The internet might not be a best friend to Glass, but Google's collaboration is most certainly boosting his show's profile. This American Life has been on air for almost 15 years and has made previous forays into television — on Showtime back in 2007 — but today's Doodle might be the public radio program's biggest exposure yet. To capitalize on it, the TAL homepage currently boasts a similar-looking illustration of a candy box, where each chocolate clicked plays an additional love story from the archives.

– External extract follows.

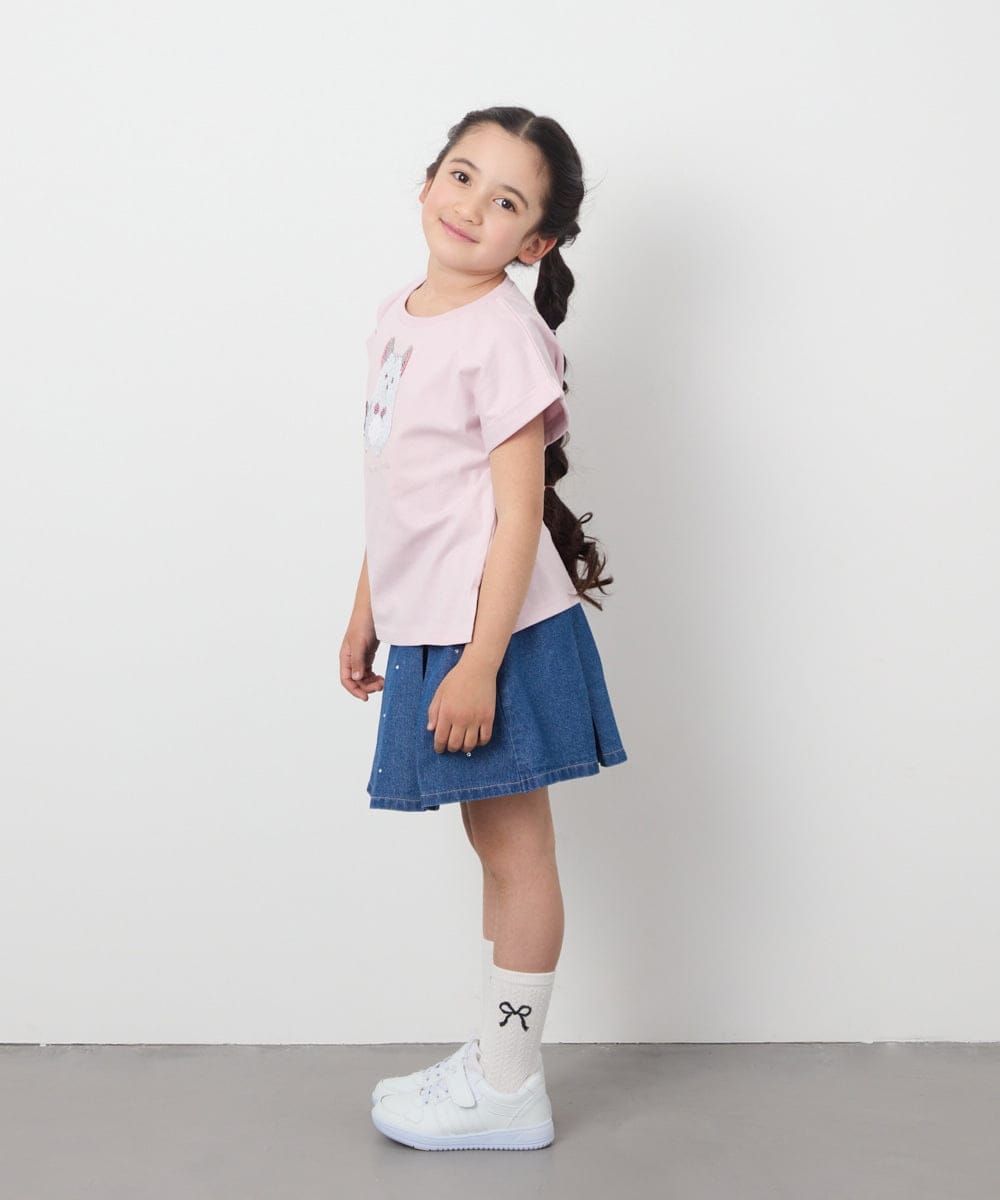 KJKGA23016 a.v.v KIDS(アー・ヴェ・ヴェ) [100-130]シアーギンガムキリカエスリーブＴシャツ ピンク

"You think about how you can distribute your work, and OK, we're on the radio and we have about 2 million listeners there, and then a million people download as a podcast," Glass says. "Then if you get on network television, you can do millions more than that. Then you could do the Super Bowl and reach tens of millions. But THEN there's the Google homepage. It's the biggest thing you could ever present a story on. This is the biggest thing we will ever do. It's all downhill from here."

Will he be celebrating tonight? As for his own Valentine's Day plans, well, Glass and his wife haven't officially cemented any.

"Friday's a show day for me, and my wife is working, editing the website she runs [Tavi Gevinson's Rookie.com] so she's constantly on deadline," he says. "So we have yet to work that out."